*DATASET RECORDS:*

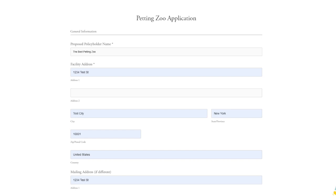My application has already been filled out to make it easy to follow along. This example application will be for a small petting zoo, but you can use this guide for almost any policy.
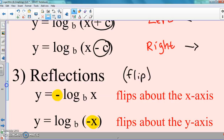Reflections: we haven't really talked about the negative on the inside a whole lot, and we don't really deal with that much here either. So don't worry about flipping about the Y-axis that much — just know if you look at it, you can tell what's going on. But the negative in front again flips the function. We know what the log function looks like, so we're going to flip it.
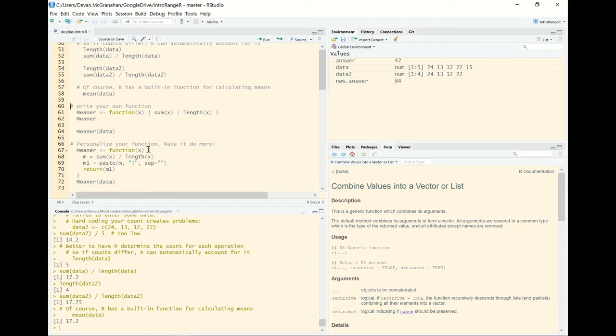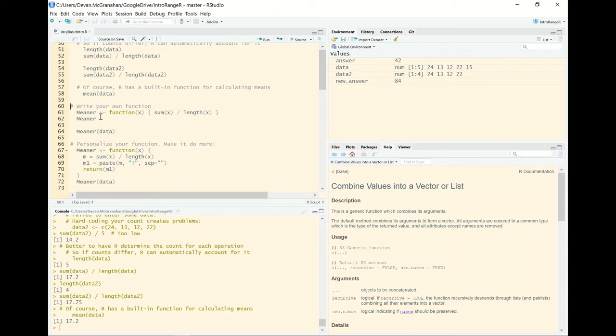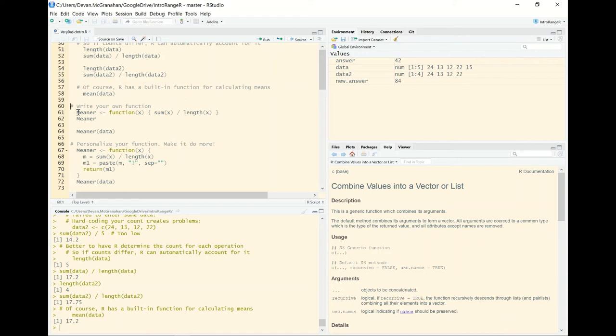So those are functions, and we can actually go and write our own, which you might find pretty crazy to be doing on your first run through R, but it's actually very simple. Here we're going to create a new function called meaner. It's important that when you start writing functions and when you start creating objects, try to avoid naming your objects existing functions. You wouldn't want to store the mean of some data as mean because mean is a function in R. So if your value overrides a function, you're just setting yourself up for some issues.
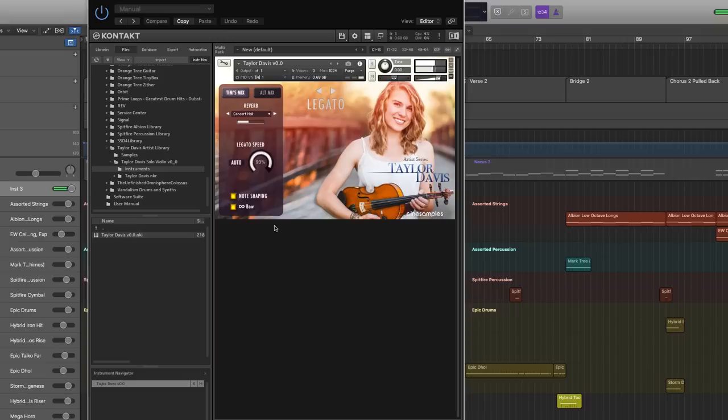Since I get so much value out of these libraries and use them on a regular basis in my own work, I'm really excited to now be a part of other composers' projects through this Artist Series Library with CineSamples. It's also something that I plan on using in my own projects, so all around I'm just really, really happy to be a part of this project.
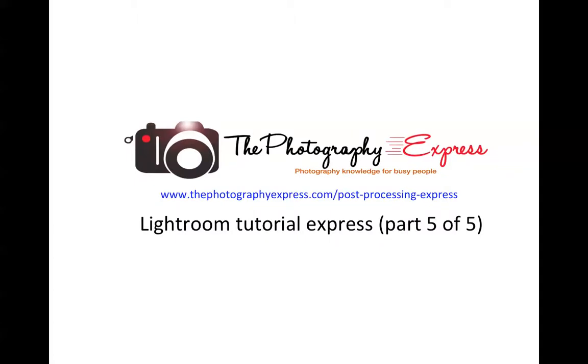Hello everyone, this is Gary from thephotographyexpress.com and today is the last session of how to use Adobe Lightroom. I want to say thank you from the bottom of my heart for your support and commenting on my blog. You are the biggest driver for me to keep going and producing great content. Even though this is the last tutorial, be sure to come back and check out my other latest videos and blog posts.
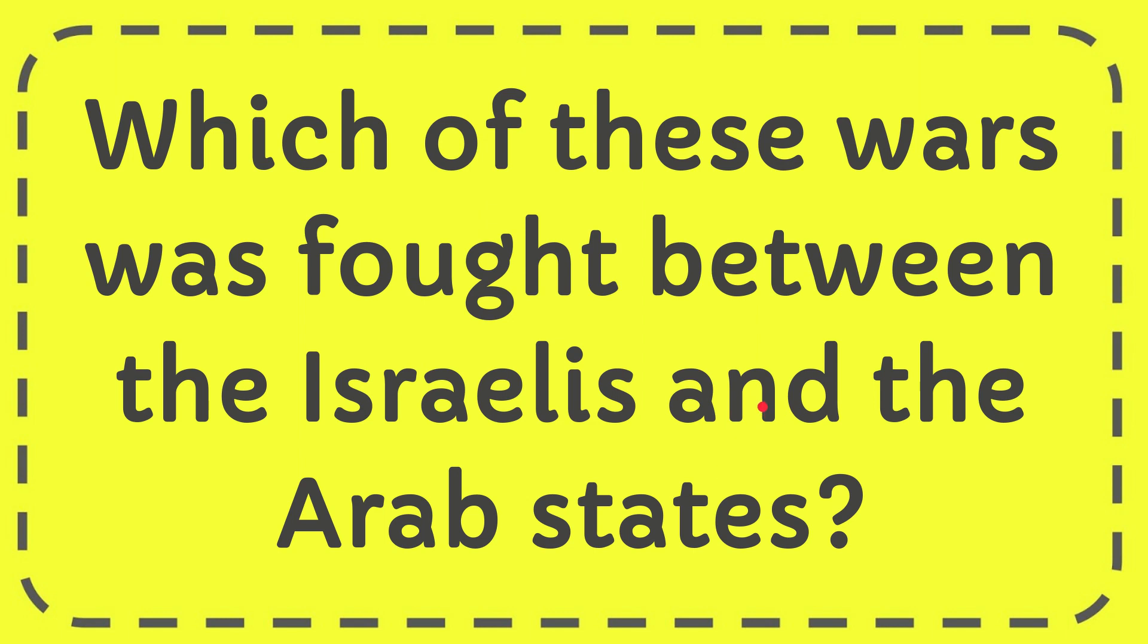In this video I'm going to give you the answer for this question. The question is which of these wars was fought between the Israelis and the Arab states.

*ACTIVITY:*
For each record above, write it out exactly and omit any picture.

*RESULT OF THIS TASK:*
My application has already been filled out to make it easy to follow along. This example application will be for a small petting zoo, but you can use this guide for almost any policy.
Reflections: we haven't really talked about the negative on the inside a whole lot, and we don't really deal with that much here either. So don't worry about flipping about the Y-axis that much — just know if you look at it, you can tell what's going on. But the negative in front again flips the function. We know what the log function looks like, so we're going to flip it.
So those are functions, and we can actually go and write our own, which you might find pretty crazy to be doing on your first run through R, but it's actually very simple. Here we're going to create a new function called meaner. It's important that when you start writing functions and when you start creating objects, try to avoid naming your objects existing functions. You wouldn't want to store the mean of some data as mean because mean is a function in R. So if your value overrides a function, you're just setting yourself up for some issues.
Since I get so much value out of these libraries and use them on a regular basis in my own work, I'm really excited to now be a part of other composers' projects through this Artist Series Library with CineSamples. It's also something that I plan on using in my own projects, so all around I'm just really, really happy to be a part of this project.
Hello everyone, this is Gary from thephotographyexpress.com and today is the last session of how to use Adobe Lightroom. I want to say thank you from the bottom of my heart for your support and commenting on my blog. You are the biggest driver for me to keep going and producing great content. Even though this is the last tutorial, be sure to come back and check out my other latest videos and blog posts.
In this video I'm going to give you the answer for this question. The question is which of these wars was fought between the Israelis and the Arab states.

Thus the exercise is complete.